Binghe XU ; Qingyuan ZHANG ; Xichun HU ; Qing LI ; Tao SUN ; Wei LI ; Quchang OUYANG ; Jingfen WANG ; Zhongsheng TONG ; Min YAN ; Huiping LI ; Xiaohua ZENG ; Changping SHAN ; Xian WANG ; Xi YAN ; Jian ZHANG ; Yue ZHANG ; Jiani WANG ; Liang ZHANG ; Ying LIN ; Jifeng FENG ; Qianjun CHEN ; Jian HUANG ; Lu ZHANG ; Lisong YANG ; Ying TIAN ; Hongyan SHANG
Acta Pharmaceutica Sinica B 2023;13(5):2250-2258
Entinostat plus exemestane in hormone receptor-positive (HR+) advanced breast cancer (ABC) previously showed encouraging outcomes. This multicenter phase 3 trial evaluated the efficacy and safety of entinostat plus exemestane in Chinese patients with HR + ABC that relapsed/progressed after ≥1 endocrine therapy. Patients were randomized (2:1) to oral exemestane 25 mg/day plus entinostat (n = 235) or placebo (n = 119) 5 mg/week in 28-day cycles. The primary endpoint was the independent radiographic committee (IRC)-assessed progression-free survival (PFS). The median age was 52 (range, 28-75) years and 222 (62.7%) patients were postmenopausal. CDK4/6 inhibitors and fulvestrant were previously used in 23 (6.5%) and 92 (26.0%) patients, respectively. The baseline characteristics were comparable between the entinostat and placebo groups.
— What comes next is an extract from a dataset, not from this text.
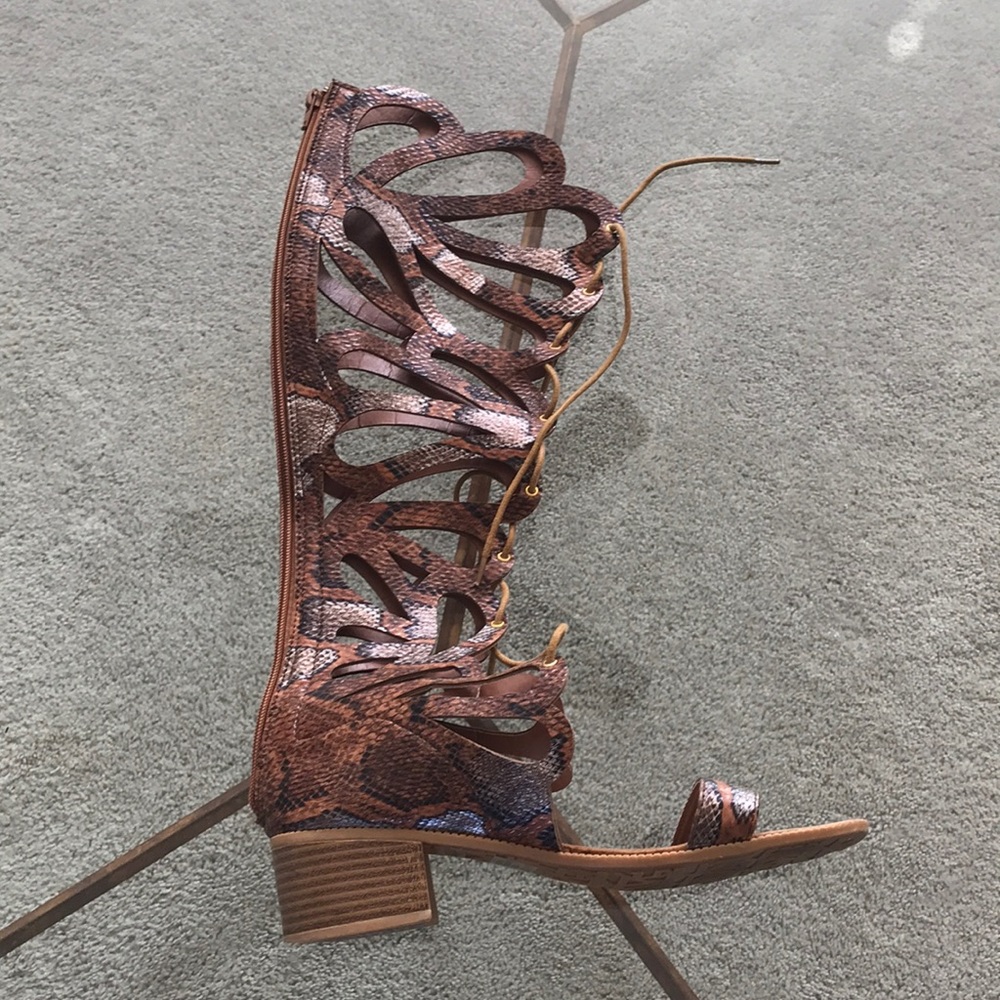 Open toe gladiator booties
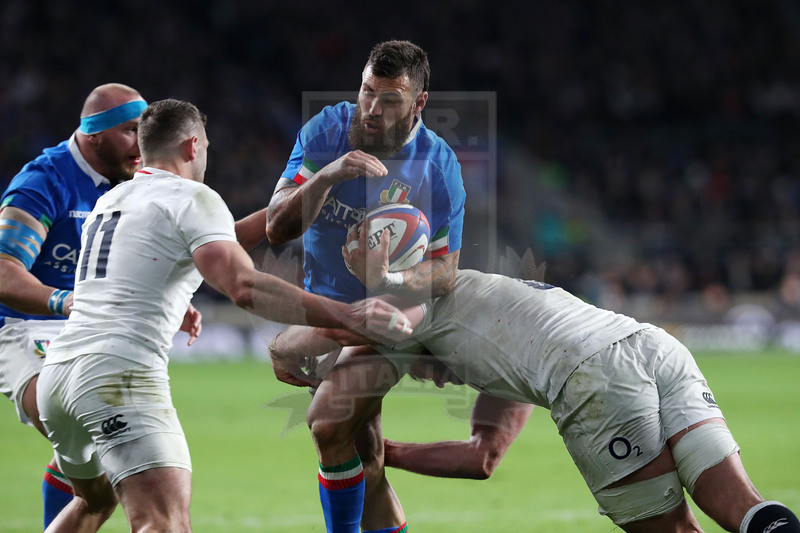 Guinness Sei Nazioni 2019, Round 4, Londra, Twickenham 09/03/2019, Inghilterra v Italia, Jayden Hayward placcato da Shields. Foto Daniele Resini/Fotosportit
The median PFS was 6.32 (95% CI, 5.30-9.11) and 3.72 (95% CI, 1.91-5.49) months in the entinostat and placebo groups (HR, 0.76; 95% CI, 0.58-0.98; P = 0.046), respectively. Grade ≥3 adverse events (AEs) occurred in 154 (65.5%) patients in the entinostat group versus 23 (19.3%) in the placebo group, and the most common grade ≥3 treatment-related AEs were neutropenia [103 (43.8%)], thrombocytopenia [20 (8.5%)], and leucopenia [15 (6.4%)]. Entinostat plus exemestane significantly improved PFS compared with exemestane, with generally manageable toxicities in HR + ABC (ClinicalTrials.gov #NCT03538171).